Jeremy Day: Still wearing his bright green banana shirt. No idea what that’s all about. He offered me some words of support just before Crossroads1 when my knee had just started to get really irritating. I overheard him telling a girl he was running past “try to run the easy stuff, you’ll do plenty walking later.” I was thinking to myself, “did you hear that, knee?”
Crossroads Kids: There were three or four kids working the Crossroads aid station who were just ecstatic to be there, it seemed. Two girls were rushing to fill people’s bottles and the young boy who won the kid’s race was sprinting up and down the aisle fetching people’s drop bags. Very cool and it was motivating to see their eagerness to help and participate. It reminded me of being that age, with a similar passion for the races.
Tim Olson: Really down to Earth guy, despite winning the 100k National Championship. He even gave a pep-talk to the winning kids’ race runner before the event. Totally outdid my crewing for Asa who had a strong fourth place finish!
Joe Prusaitus: While Ellen and me were sitting near the finish line, cheering on runners late at night, Joe randomly walked over and we began chatting. What I thought was just “in-passing” became a full-on awesome history of the Tejas Trails races. Joe talked about his start so many years ago at the Hell’s Hills event, directing the Austin Marathon, his history at Hardrock, and even why he is the only Texas runner who has gotten in to the Barkley Marathons. Joe is such a laid back guy and always open to conversation, which is awesome considering the wealth of information he possesses.

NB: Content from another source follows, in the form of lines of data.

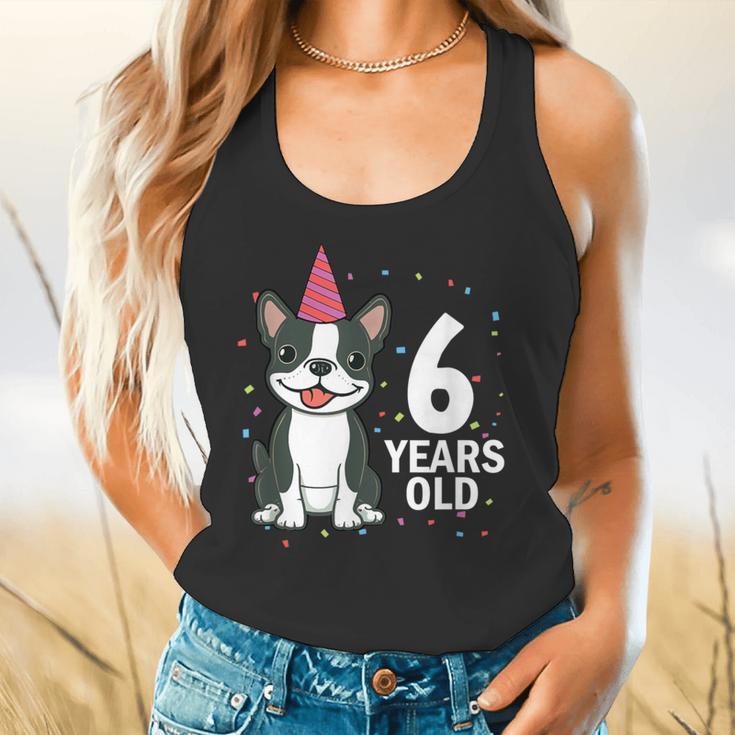 6 Years Old Birthday Boston Terrier Dog Lover 6th Party Kid Flowy Tank, gift for family, gift for coworker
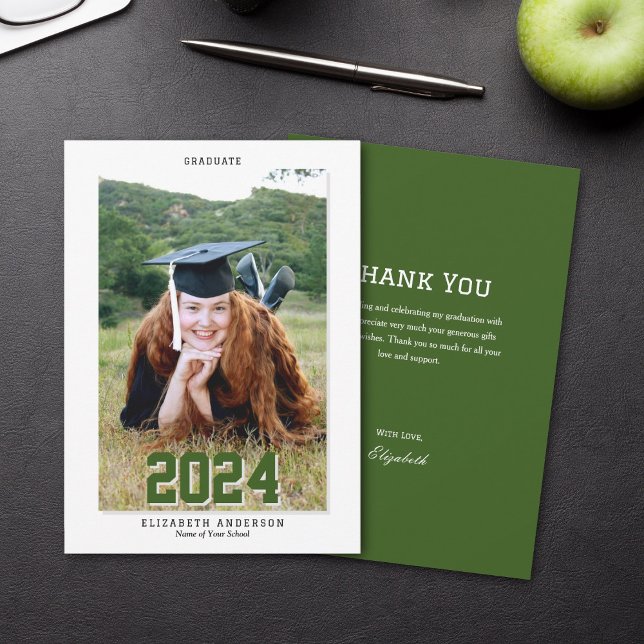 Carte De Remerciements Classy Forest Green Graduate 2024 Graduation Photo (Créateur téléchargé)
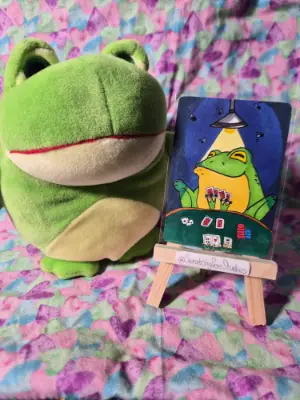 Poker Frog 🐸 aceo art card thumbnail 1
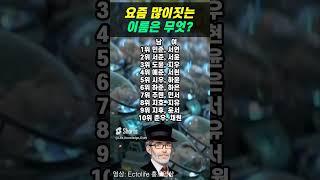 요즘 이름 많이 짓는 이름 작명 순위 TOP 10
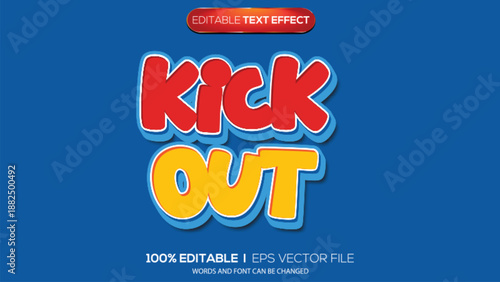 3d text effect kick out theme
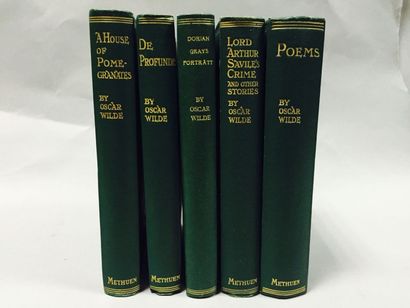 WILDE Oscar Ensemble de 5 volumes in-12 édités à Londres, chez Methuen, reliés en...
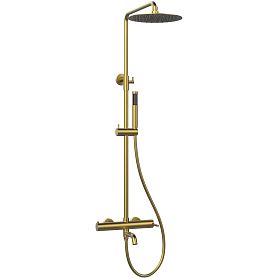 Душевая стойка Vincea Villa VSFS-1VL1BG, с верхним душем, смесителем, цвет брашированное золото - фото 1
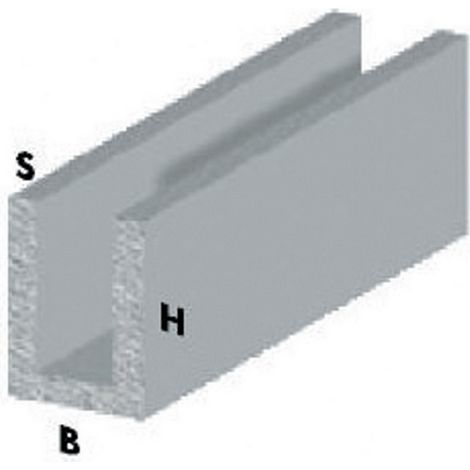 profilo canalino a U cm 200 h argento silver 8x8x1 mm profili alluminio (1/2)
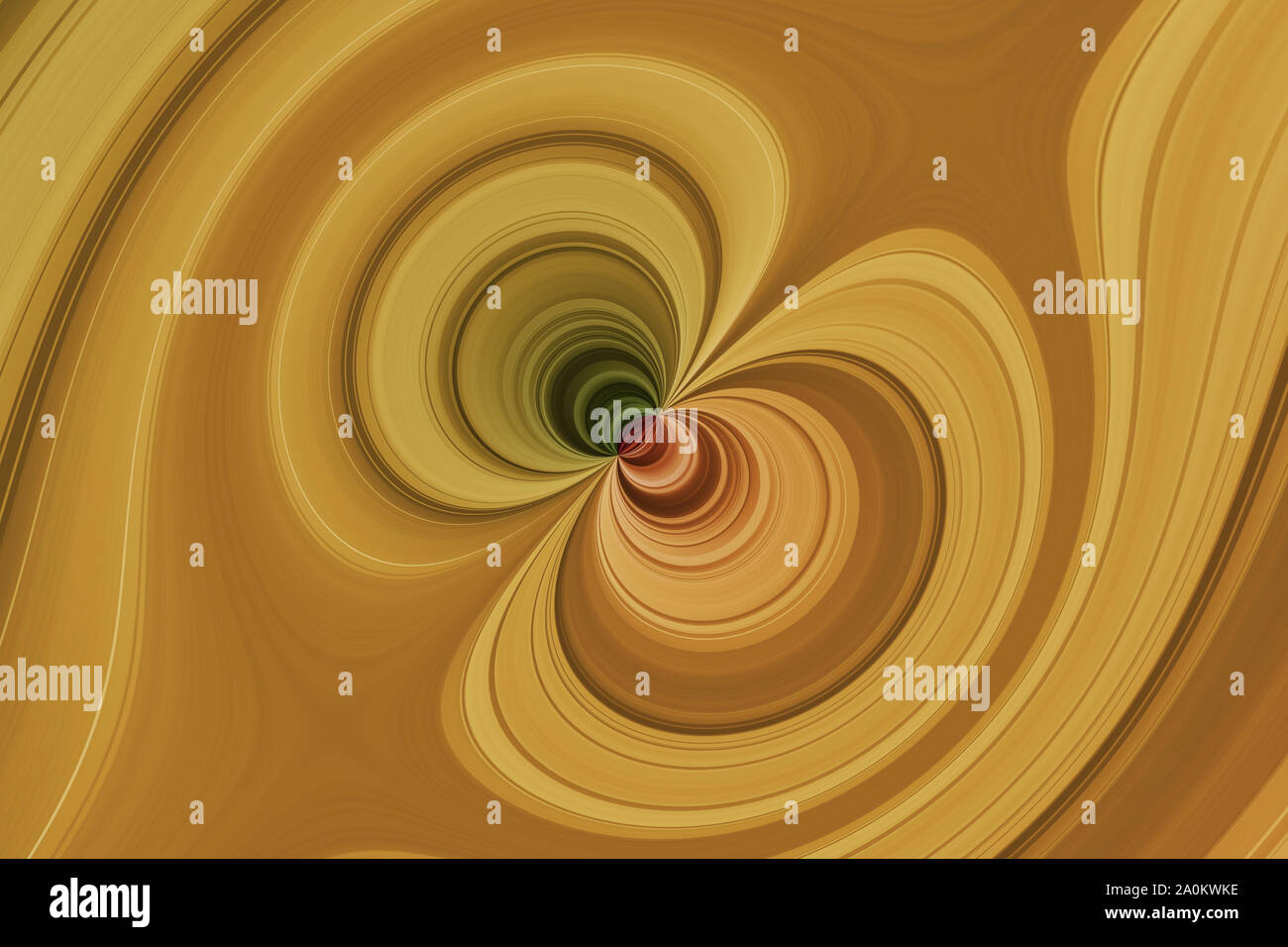 Multicolore linee curve con effetto shperical, abstract sfondo giallo con verde e rosso elementi Foto Stock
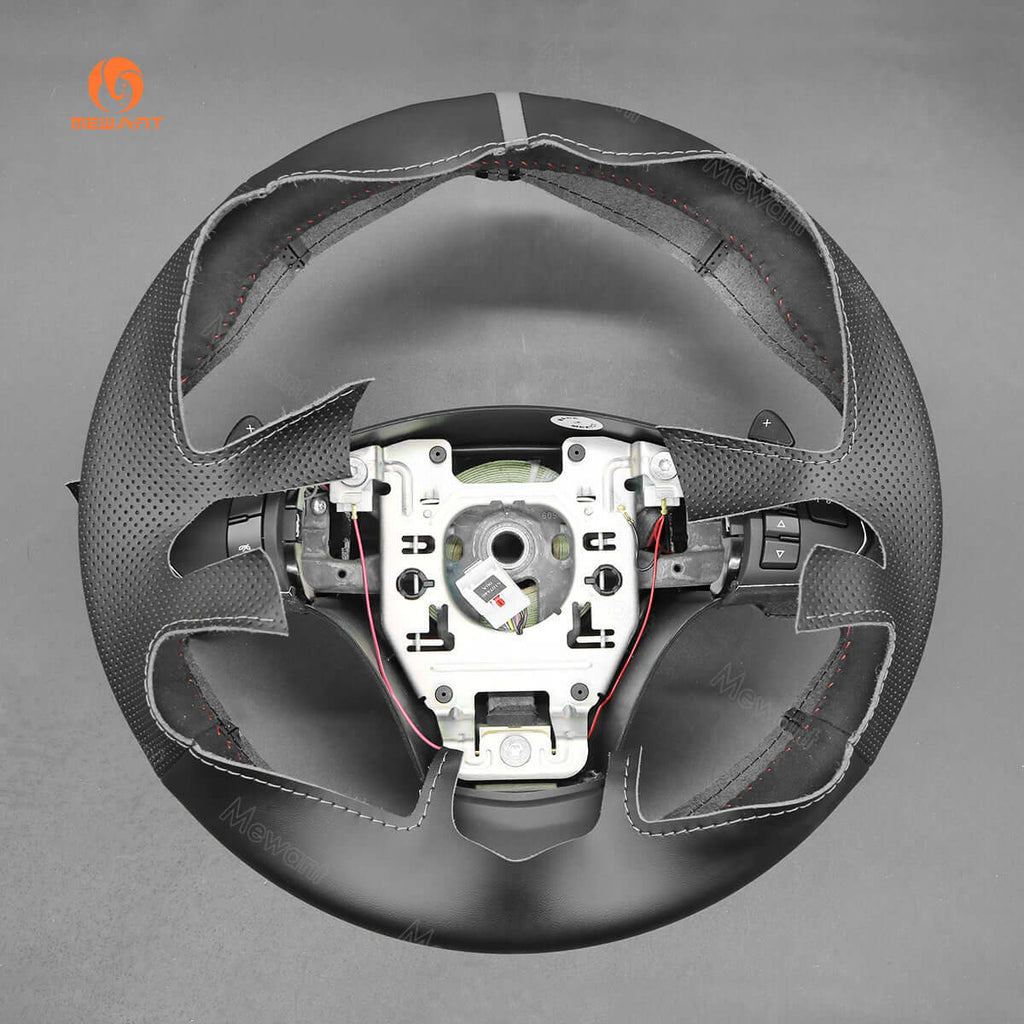 MEWANT Hand Stitch Car Steering Wheel Cover for Chevrolet Corvette (C6) 2012 - 2013 - Alcantara, Leather, Carbon Fiber, Easy Install, Non - Slip, Best Steering Wheel Cover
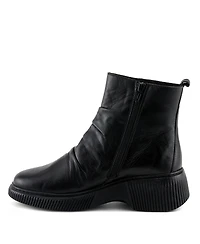 Azura Spring Step Nayana Leather Bootie with Ruching Detail, Removable Insole, and Lugged Sole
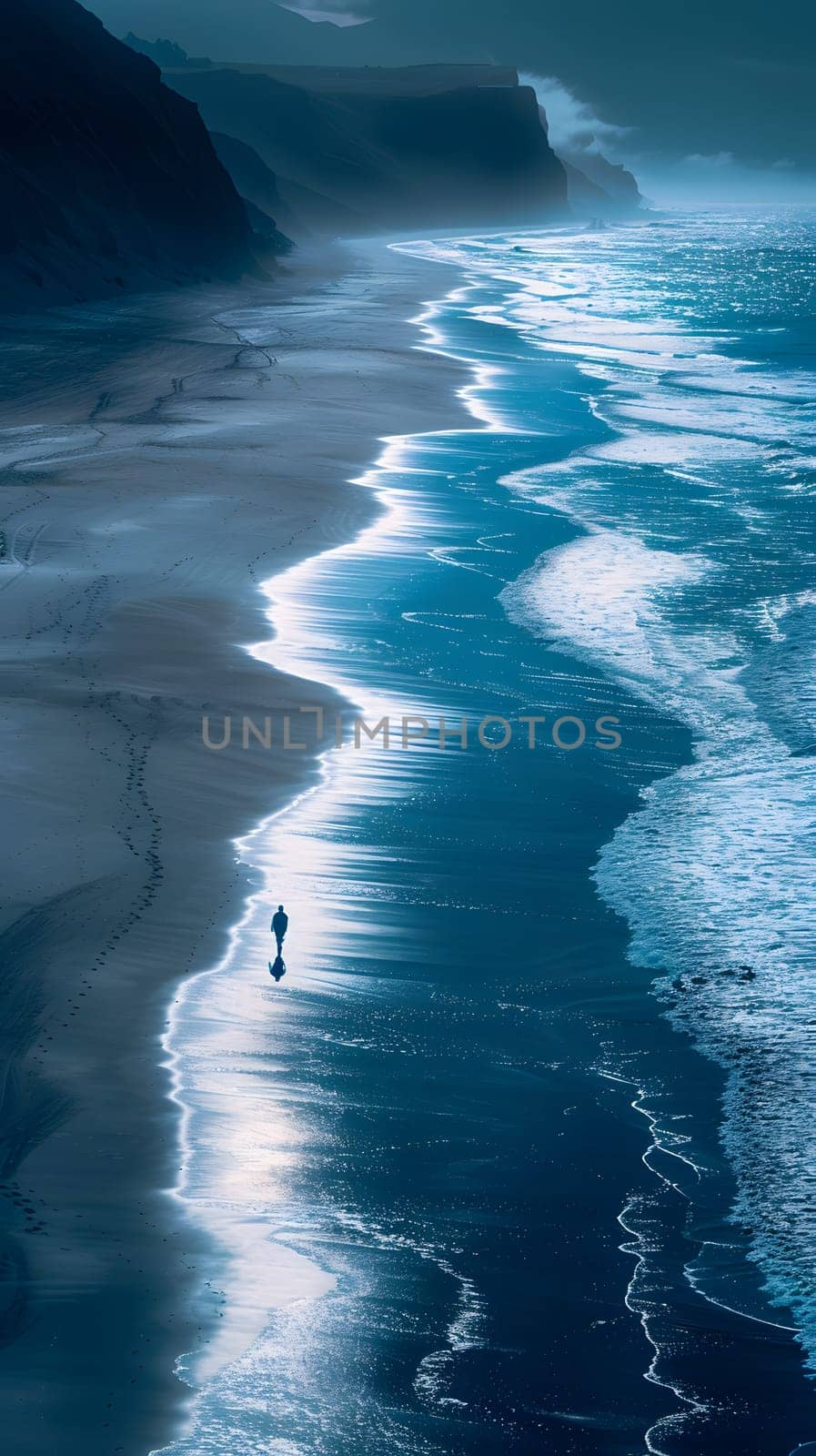 An individual strolls along the sandy shoreline, admiring the natural landscape of the coast and oceanic landforms while listening to the soothing sound of water and wind waves in the atmosphere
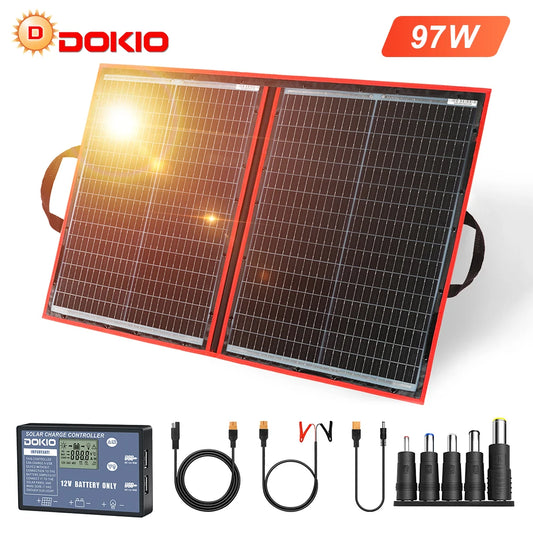 Dokio 97W 150W 195W 295W Portable Foldable Solar Panel with 12V Controller Flexible Solar Panel for Family Camping Trip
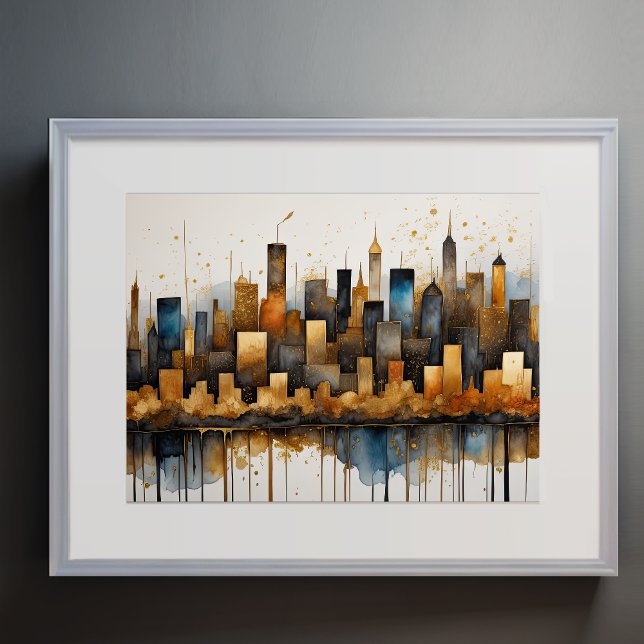 Poster Aquarelle Abstraite Peinture Gold Cityscape 4:3 (Créateur téléchargé)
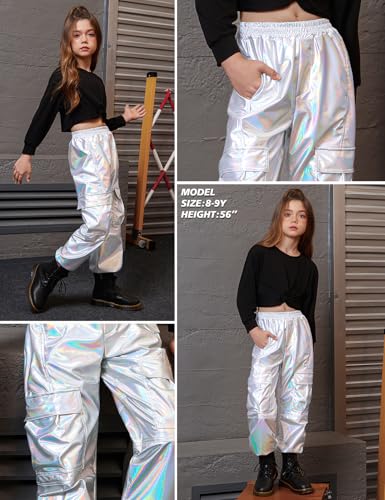Perfashion Metallic Cargo Pants for Girls & Womens Hip Hop Dance Multi-Pocket Joggers High Waist Pants 6-15Y3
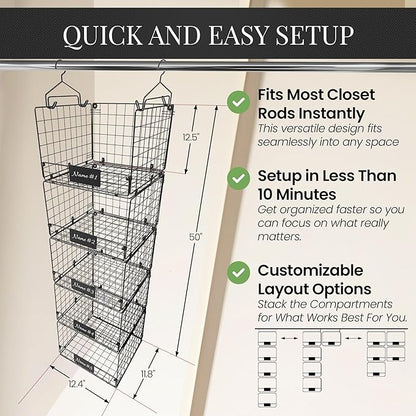 DECOLURE 5-Tier Adjustable Hanging Closet Organizer – Maximize Hanging Storage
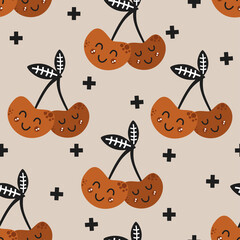 seamless pattern with cherry - vector illustration, eps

Olga V and Rich/Jeanie Mihalik: All three were so helpful in trying to get my knee to a point where I could continue running. Ultimately, I called it a day so that I wouldn’t do any permanent damage, but they were large pillars of support out there while I was still fighting to continue.
Jay Alvarez & Guy in blue shirt with the round face: Jay and I randomly linked up as I left the Last Chance aid station. He had been cramping really badly and was pretty sure he would drop at 50k. It was pretty great to have a walking buddy those last, long five miles. We shared old running stories and talked about our local running groups. We also traded places every now and then with some guy who was wearing a blue shirt and was holding a standard blue water bottle. I had met him earlier, and it’s always neat to run into someone hours down the road. He had told me how his wife once ran Cactus 100 and vowed never to come back to Bandera!
Ellen: my girlfriend drove all the way out and had packed/planned to stay the night. I knew that she would have stayed up forever waiting for me to finish had I decided to continue. Ellen has been solidly supportive despite her hectic schedule and coaching duties.